Een sterk lichaamsschema helpt bij het begrijpen van ruimtelijke concepten en het correct uitvoeren van bewegingen, wat direct van invloed is op de nauwkeurigheid van het schrijven.
> **Tip:** Stimuleer het lichaamsschema door lichaamsdelen te benoemen, bewegingsliedjes te zingen, spiegelbewegingen te doen en lichaamspuzzels te maken.
### 2.6 Ruimte- en tijdsperceptie
Het vermogen om zichzelf in de ruimte te oriënteren, posities, richtingen en afstanden te bepalen, is essentieel voor schrijven op een plat vlak. Kinderen leren eerst oriëntatie in de werkelijke ruimte, vervolgens in verkleinde en afgebeelde ruimte, om uiteindelijk tot abstracte ruimtelijke concepten te komen. Tijdsperceptie, het inschatten van de snelheid van bewegingen, is ook van belang voor het schrijftempo.

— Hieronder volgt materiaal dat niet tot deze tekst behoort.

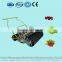 Manual hand push corn seeder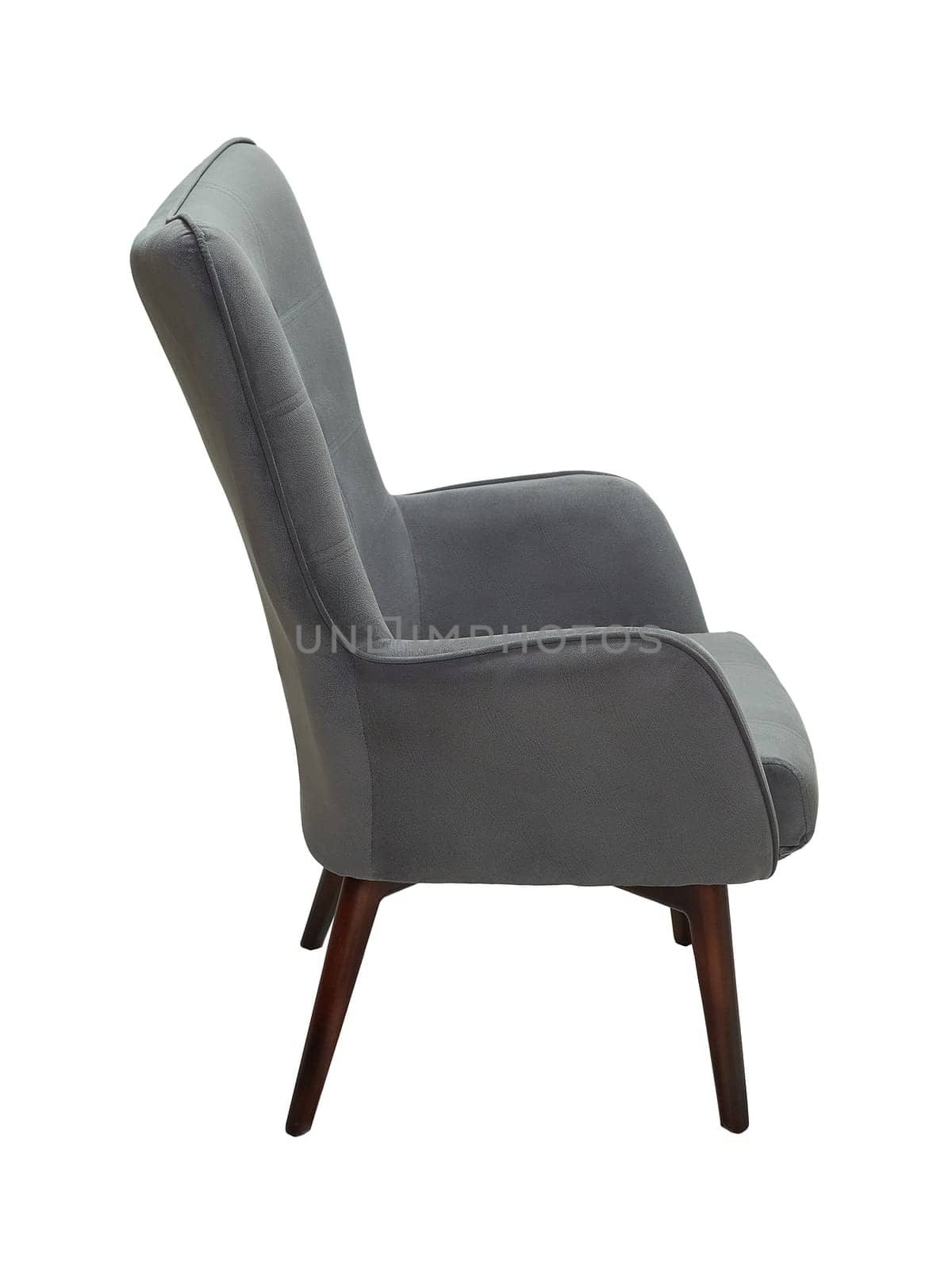 modern grey fabric armchair with wooden legs isolated on white background, side view.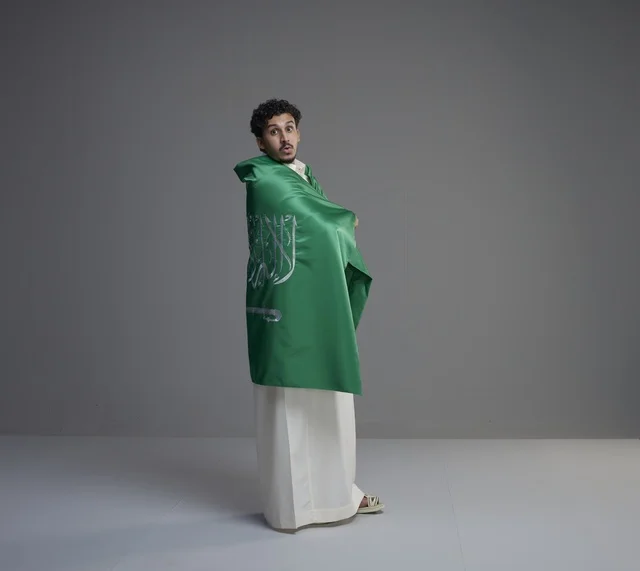 Saudi Man Wrapped in KSA Flag in Studio
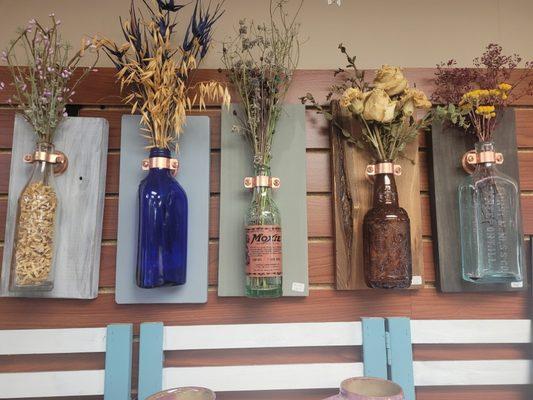 Beautiful upcycled glass bottles 
With dry flowers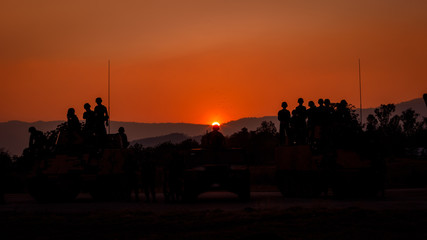 Fototapeta na wymiar twilight landscape silhouette military on the sunset background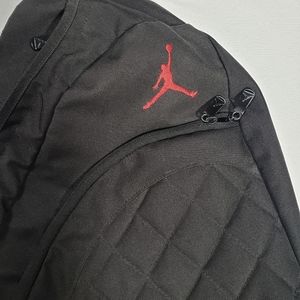 Jordan one strap black backpack red jordan emblem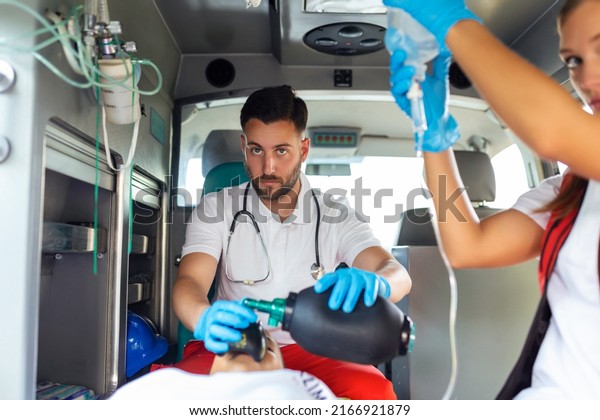 EMS Paramedics Team Provide Medical Help to\
Injured Patient on the Way to Healthcare Hospital. Emergency Care\
Assistant Using Ventilation Mask in an Ambulance. Young female\
nurse holding iv solution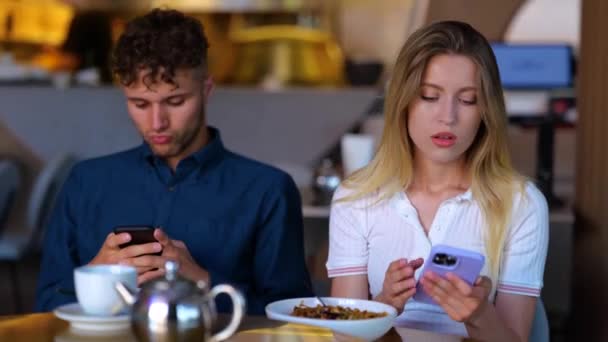 남자와 여자가 휴대폰을 다투고 있습니다 카페에 문자를 입력하고 관계에 문제가 — 비디오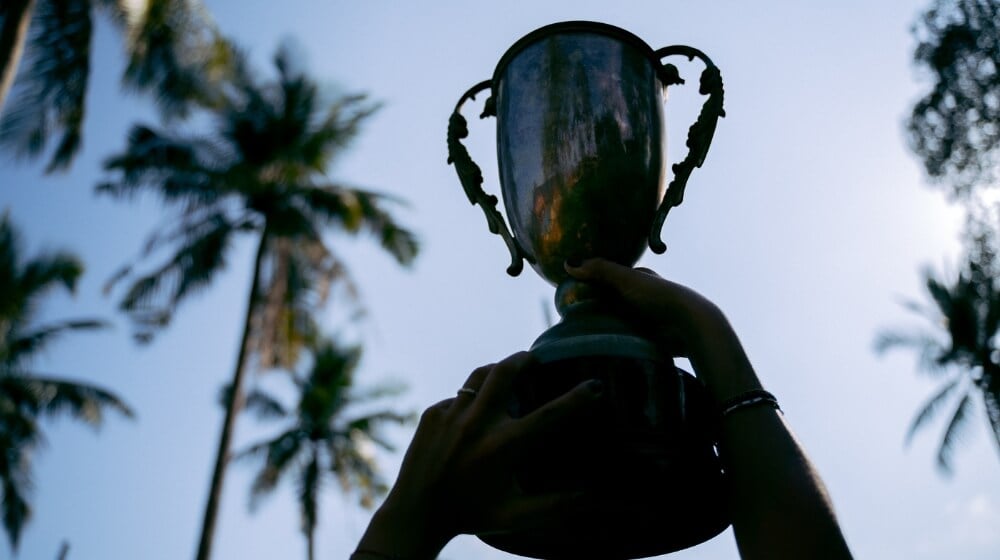 Person holding a sports trophy up to the sky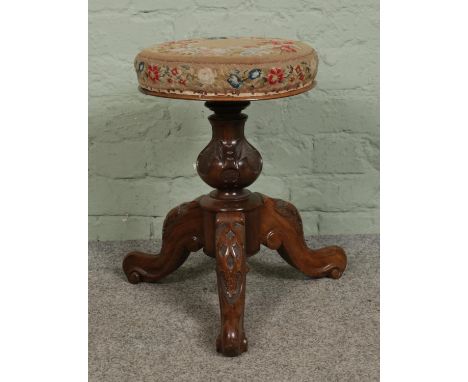 A Victorian carved rosewood adjustable piano stool with bulbous column and tripod base. With tapestry covered seat.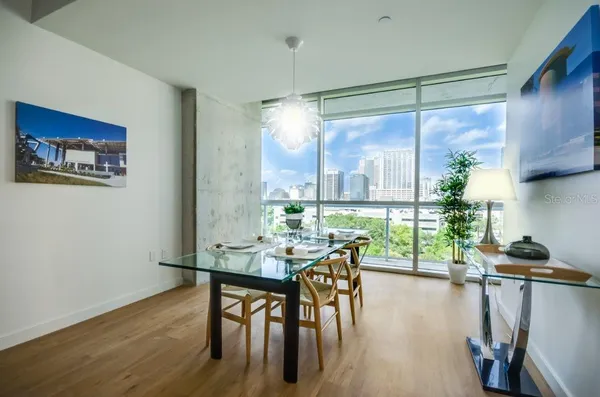 a view of a dining room with furniture window and wooden floor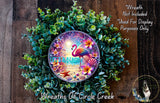 A wreath made of various green plants and flowers, with a large circular design in the center featuring a flamingo and a beach scene.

> **Tip:** Stimuleer ruimte- en tijdsperceptie met activiteiten zoals hinkelbanen, vangen en gooien, yogahoudingen, plaatszoekspelen en het volgen van hindernisparcours.
### 2.7 Grove en fijne motoriek
Grove motoriek omvat grootschalige lichaamsbewegingen zoals kruipen, springen en klimmen. Deze vaardigheden leggen een fundamentele basis voor kracht, stabiliteit en lichaamsbeheersing die nodig zijn voor fijne motoriek. Fijne motoriek betreft precieze, nauwkeurige bewegingen van handen en vingers, zoals bij schrijven. De ontwikkeling van de pengreep verloopt geleidelijk:
* **1-jarigen:** Palmgreep.
* **2-3-jarigen:** Penseelgreep.
* **5-6-jarigen:** Pincetgreep of dynamische driepuntsgreep.
Een goede pengreep ontstaat rond de leeftijd van vijf tot zeven jaar, waarbij duim, wijsvinger en middelvinger samenwerken om het schrijfgerei te sturen en te ondersteunen.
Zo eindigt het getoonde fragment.